WOOD v. LUCY, LADY DUFF-GORDON

Court of Appeals of New York, 1917

222 N.Y. 88, 118 N.E. 214

Appeal from Supreme Court, Appellate Division, First Department.

Action by Otis F. Wood against Lucy, Lady Duff-Gordon. From judgment of the Appellate Division 177 App.Div. 624, 164 N.Y.Supp. 576), which reversed an order denying defendant's motion for judgment on the pleading, and which dismissed the complaint, plaintiff appeals Reversed.

Cardozo, J. The defendant styles herself "a creator of fashions. Her favor helps a sale. Manufacturers of dresses, millinery, and like articles are glad to pay for a certificate of her approval. The thing which she designs, fabrics, parasols, and what not, have a new value in the public mind when issued in her name. She employed the plaintiff to help her to turn this vogue into money. He was to have the exclusive right, subject always to her approval, to place her indorsements on the designs of others. He was also to have the exclusive right to place her own designs on sale, or to license others to market them. In return she was to have one-half of "all profits and revenues" derived from an contracts he might make. The exclusive right was to last at least on year from April 1, 1915, and thereafter from year to year unless terminated by notice of 90 days. The plaintiff says that he kept the contract on his part, and that the defendant broke it. She placed he indorsement on fabrics, dresses, and millinery without his knowledge and withheld the profits. He sues her for the damages, and the case comes here on demurrer.

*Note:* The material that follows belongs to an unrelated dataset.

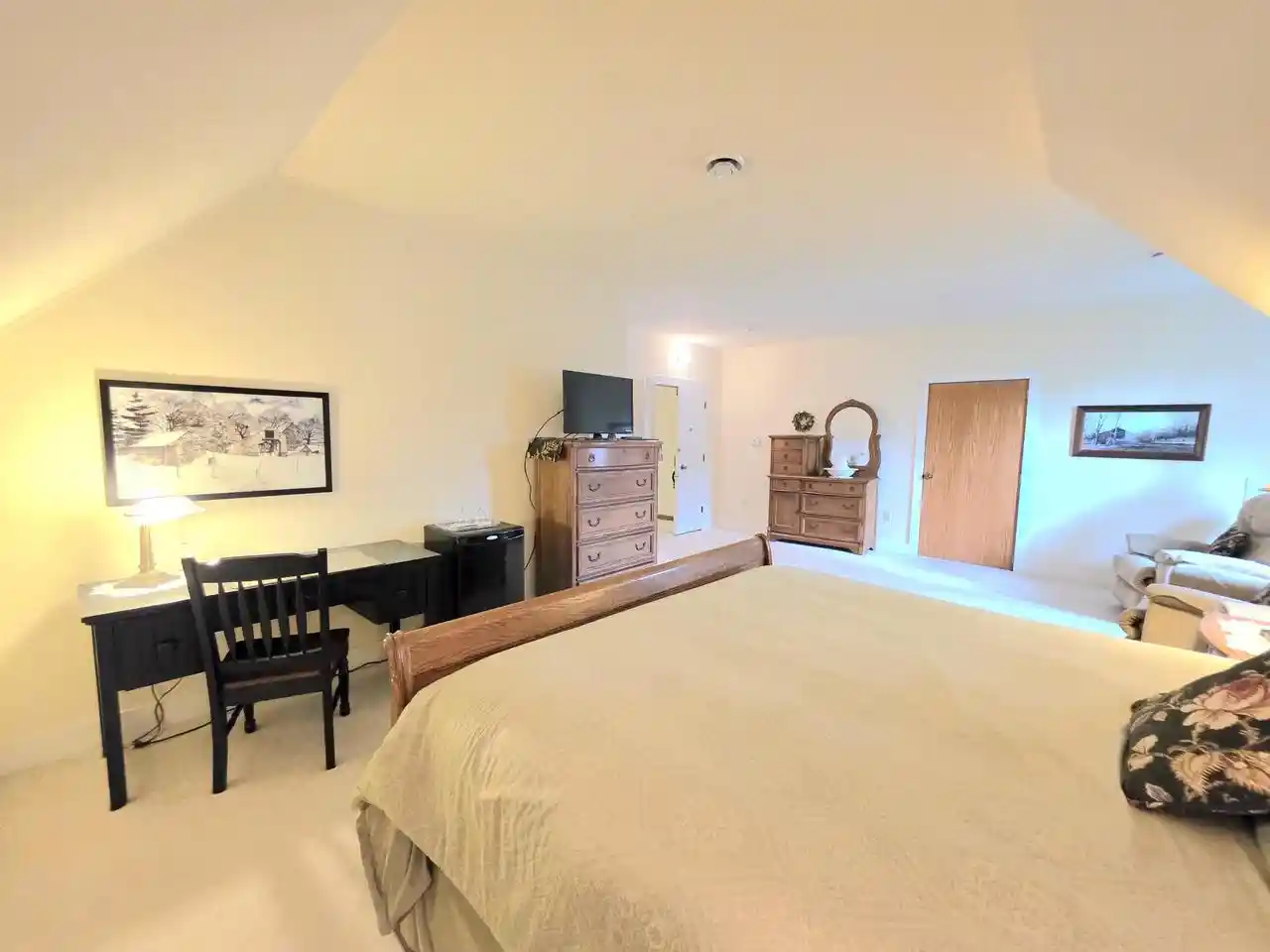 2nd image of 711 Giddings Avenue Avenue #707, Sheboygan Falls, WI 53085 | MLS# 1966543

The agreement of employment is signed by both parties. It has wealth of recitals. The defendant insists, however, that it lacks the elements of a contract. She says that the plaintiff does not bind himself to anything. It is true that he does not promise in so many words that he will use reasonable efforts to place the defendant's indorsements an market her designs. We think, however, that such a promise is fairly to be implied. The law has outgrown its primitive stage of formalism when the precise word was the sovereign talisman, and every slip was fatal. It takes a broader view today. A promise may be lacking, and yet the whole writing may be "instinct with an obligation," imperfectly expressed (Citations omitted). If that is so, there is a contract.

The implication of a promise here finds support in many circumstances. The defendant gave an exclusive privilege. She was to have no right for at least a year to place her own indorsements or market her own designs except through the agency of the plaintiff. The acceptance of the exclusive agency was an assumption of its duties. (Citations omitted) We are not to suppose that one party was to be placed at the mercy of the other. (Citations omitted) Many other terms of the agreement point the same way. We are told at the outset by way of recital that:

"The said Otis F. Wood possesses a business organization adapted to the placing of such indorsements as the said Lucy, Lady Duff-Gordon, has approved."

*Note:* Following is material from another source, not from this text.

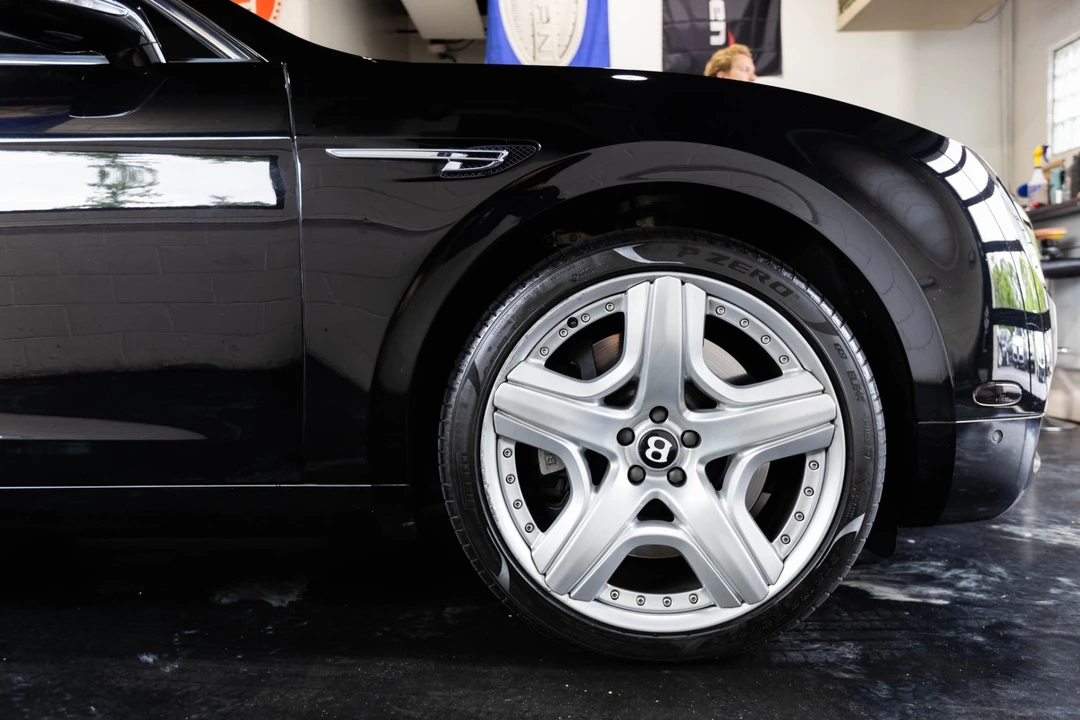 2014 Bentley - Image 24 of 31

The implication is that the plaintiff's business organization will be used for the purpose for which it is adapted. But the terms of the defendant's compensation are even more significant. Her sole compensation for the grant of an exclusive agency is to be one-half of all the profits resulting from the plaintiff's efforts. Unless he gave his efforts, she could never get anything. Without an implied promise, the transaction cannot have such business "efficacy, as both parties must have intended that at all events it should have." Bowen, L.J., in The Moorcock, 14 P.D. 64, G8. But the contract does not stop there. The plaintiff goes on to promise that he will account monthly for all moneys received by him, and that he will take out all such patents and copyrights and trademarks as may in his judgment be necessary to protect the rights and articles affected by the agreement. It is true, of course, as the Appellate Division has said, that if he was under no duty to try to market designs or to place certificates of indorsement, his promise to account for profits or take out copyrights would be valueless. But in determining the intention of the parties the promise has a value. It helps to enforce the conclusion that the plaintiff had some duties. His promise to pay the defendant one-half of the profits and revenues resulting from the exclusive agency and to render accounts monthly was a promise to use reasonable efforts to bring profits and revenues into existence. For this conclusion the authorities are ample. . . .

The judgment of the Appellate Division should be reversed, and the order of the Special Term affirmed, with costs in the Appellate Division and in this court.